Cam Foran

No. 41 – BC Lions
- Positions: Long snapper, linebacker
- Roster status: Active
- CFL status: National

Personal information
- Born: February 17, 2002 (age 24) Port Williams, Nova Scotia, Canada
- Listed height: 6 ft 0 in (1.83 m)
- Listed weight: 212 lb (96 kg)

Career information
- High school: Horton (Wolfville, Nova Scotia)
- University: Acadia (2021–2024)
- CFL draft: 2025: undrafted

Career history
- BC Lions (2025–present);

Career CFL statistics as of 2025
- Games played: 1
- Stats at CFL.ca

= Cam Foran =

Canadian gridiron football player (born 2002)

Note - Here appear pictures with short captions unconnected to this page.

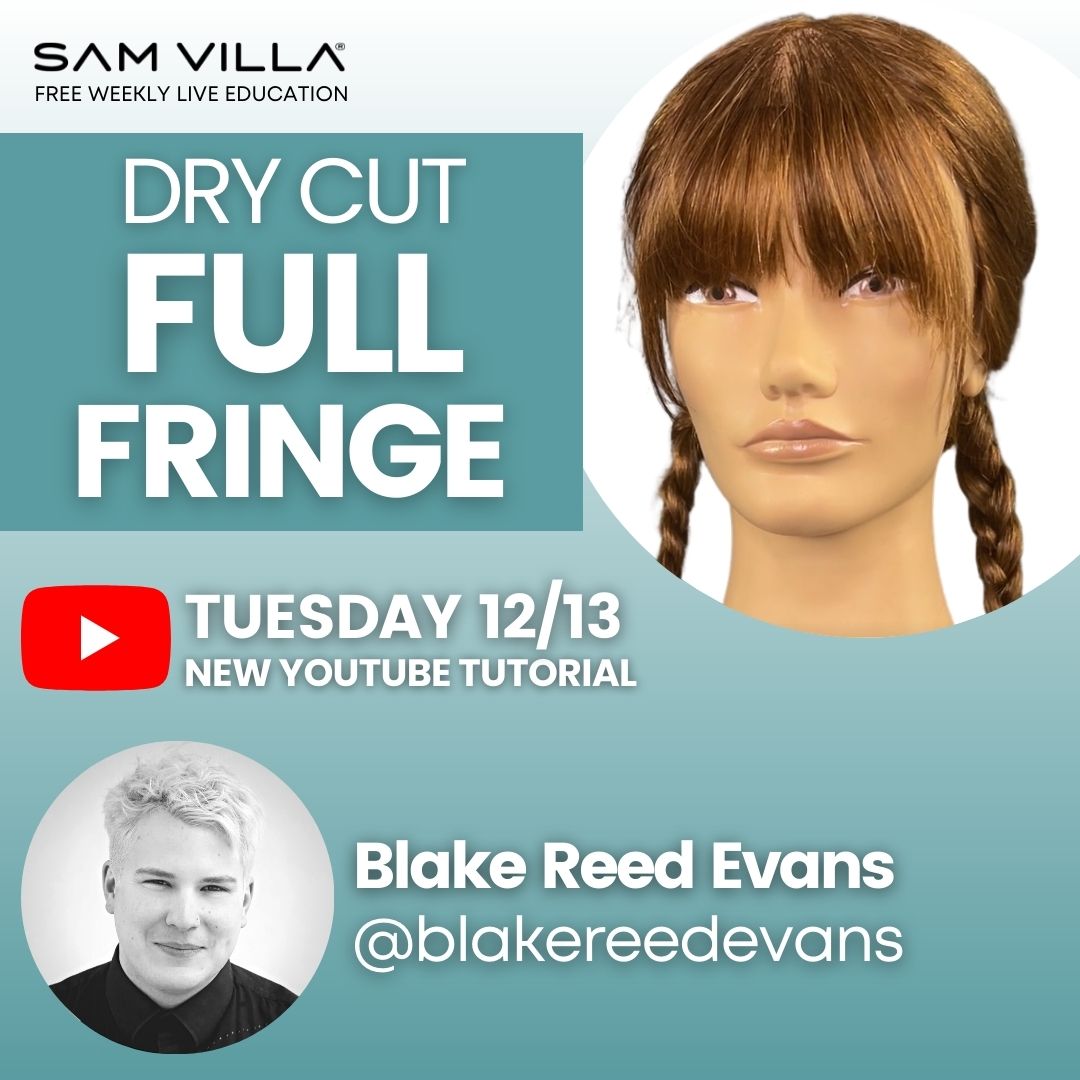 Dry Cut Full Fringe - Sam Villa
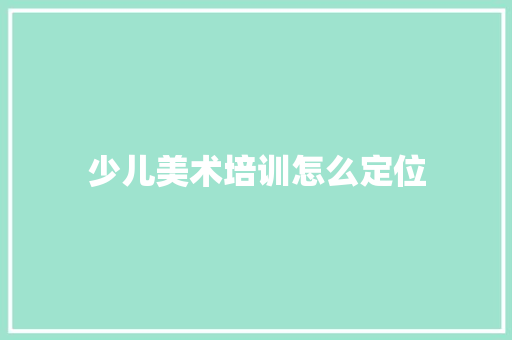 少儿美术培训怎么定位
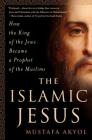 The Islamic Jesus: How the King of the Jews Became a Prophet of the Muslims Cover Image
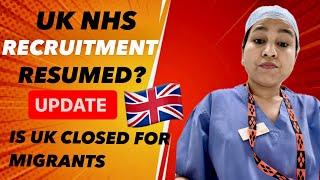 LATEST UPDATE ON NHS RECRUITMENT?IS UK CLOSED FOR FOREIGN RECRUITMENT?IMPACT ON INTERNATIONAL WORKER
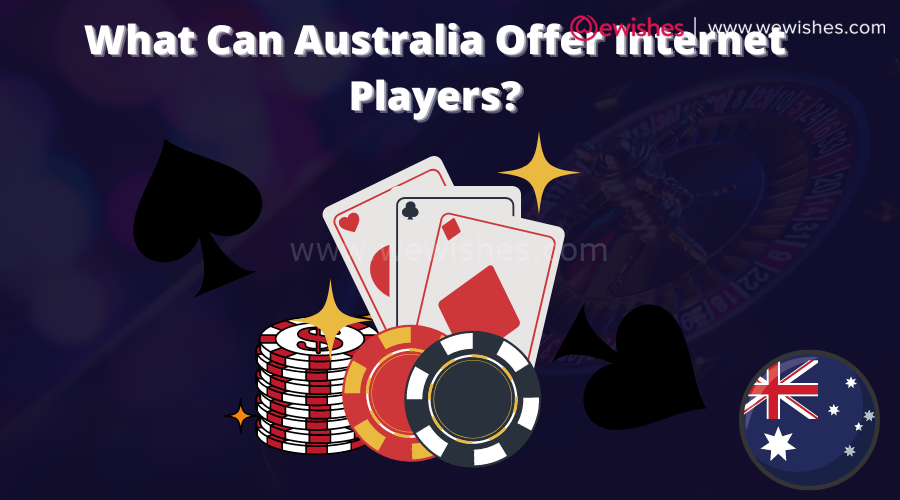 What Can Australia Offer Internet Players?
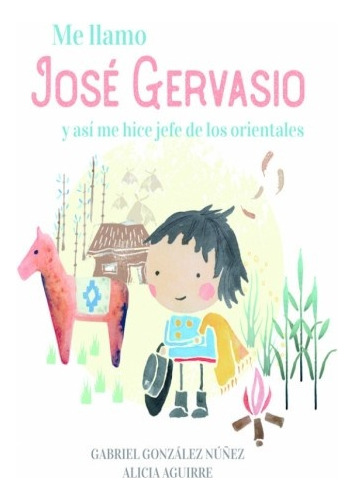 Me Llamo Jose Gervasio, De Gonzalez Nuñez, Gabriel. Editorial Altea En Español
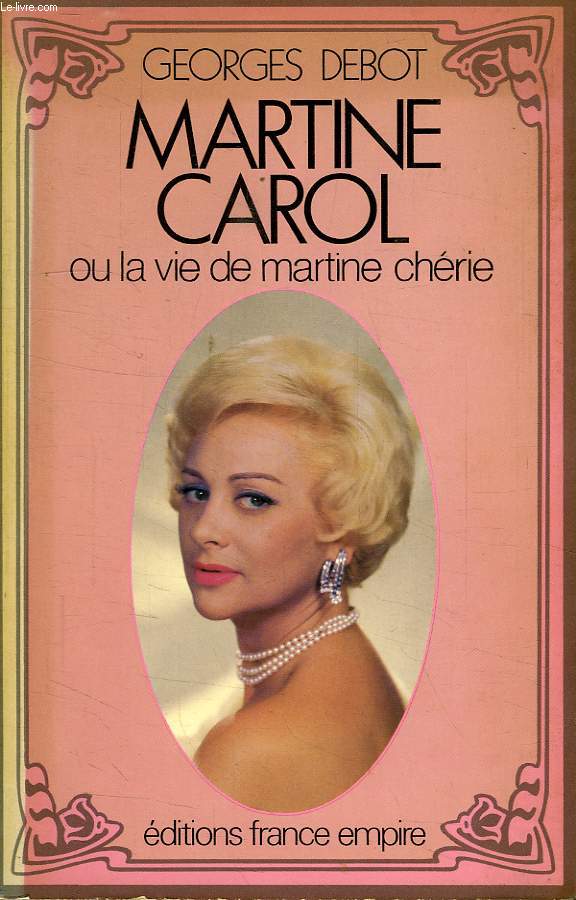 MARTINE CAROL, OU LA VIE DE MARTINE CHERIE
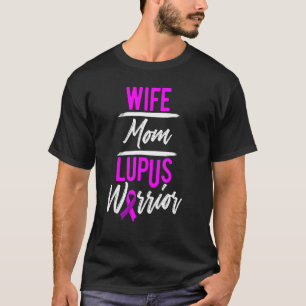 Lupus Wife Mom Survivor Warrior 2 T-Shirt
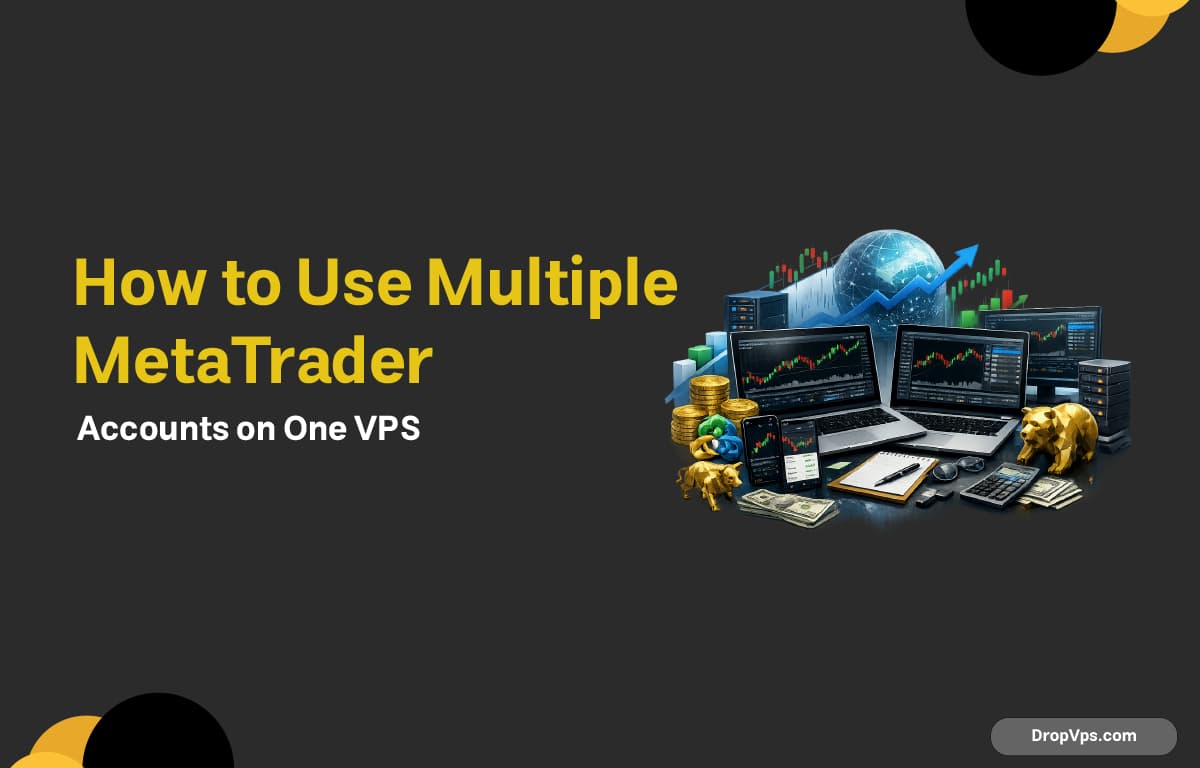 How to Use Multiple MetaTrader Accounts on One VPS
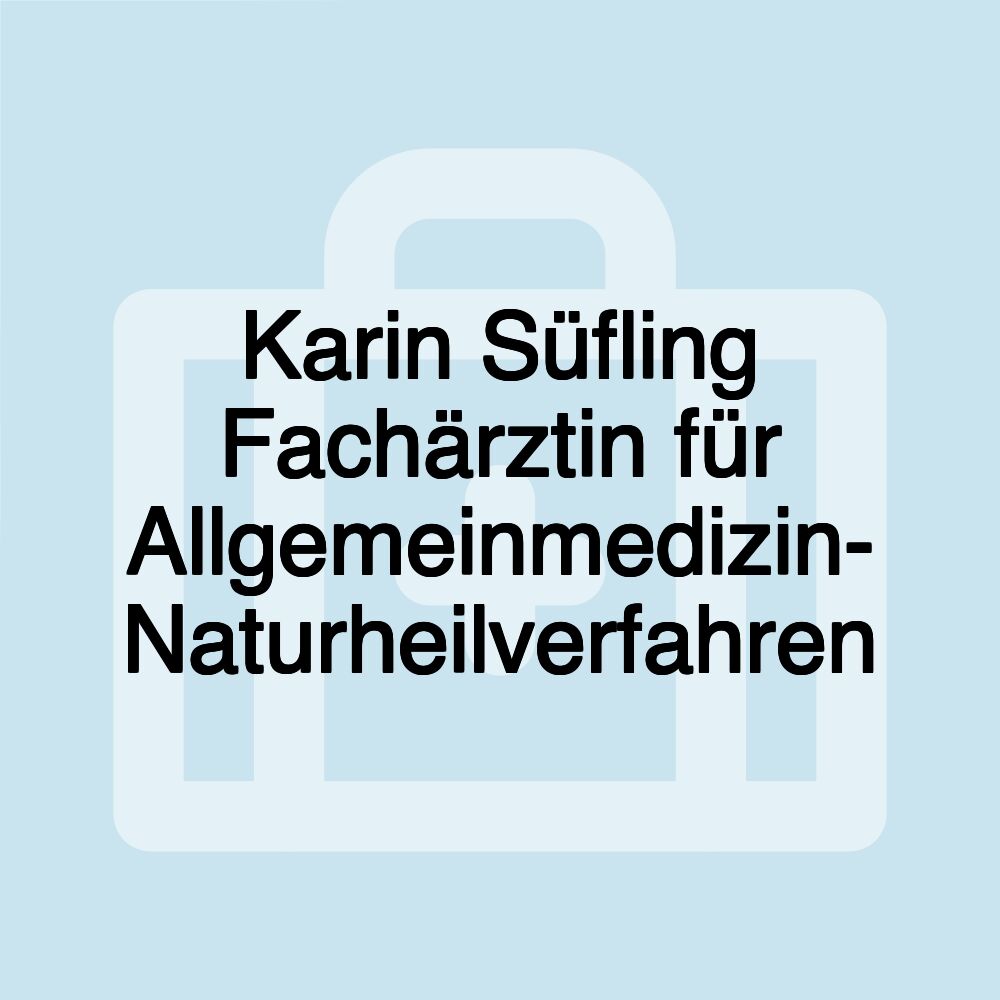 Karin Süfling Fachärztin für Allgemeinmedizin- Naturheilverfahren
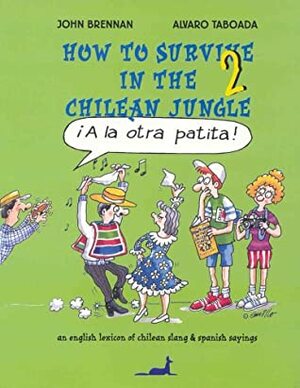 How to Survive in the Chilean Jungle by Alvaro Taboada, John Brennan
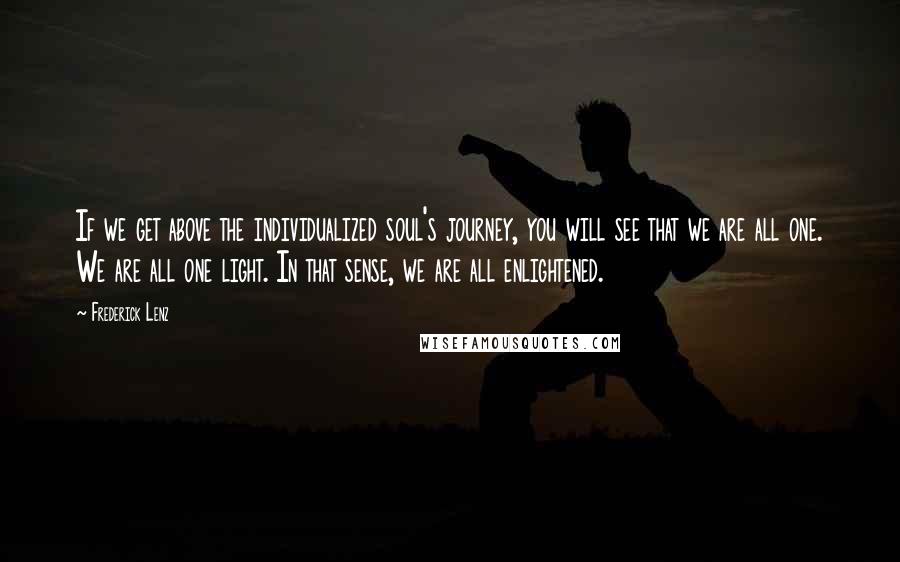 Frederick Lenz Quotes: If we get above the individualized soul's journey, you will see that we are all one. We are all one light. In that sense, we are all enlightened.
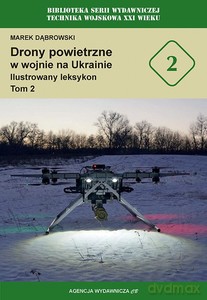 Drony powietrzne w wojnie na Ukrainie. Ilustrowany leksykon (Tom 2) - Marek Dąbrowski [KSIĄŻKA]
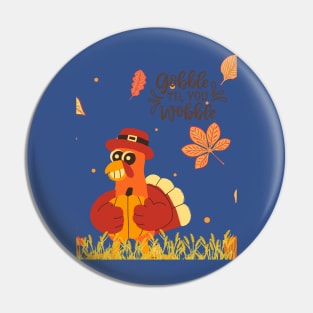 Gobble til you wobble Pin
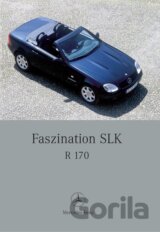 Faszination SLK: R 170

Cameron Foran (born February 17, 2002) is a Canadian professional football long snapper and linebacker for the BC Lions of the Canadian Football League (CFL). He played U Sports football for the Acadia Axemen.

== Early life ==
Foran was born on February 17, 2002, in Port Williams, Nova Scotia, Canada. He attended Horton High School in Wolfville, Nova Scotia.

==University career==
Foran played U Sports football for the Acadia Axemen from 2021 to 2024. He had 7.5 tackles and was the team's primary long snapper from 2023.

==Professional career==
After not being selected in the 2025 CFL draft, Foran signed with the BC Lions of the Canadian Football League (CFL) as an undrafted free agent. On June 1, he was signed to the practice roster. On July 17, Foran was released. On September 25, he re-signed with the Lions. Foran played in one game against the Toronto Argonauts before he reverted to the practice roster. On October 3, he was released. On November 19, Foran re-signed with the team.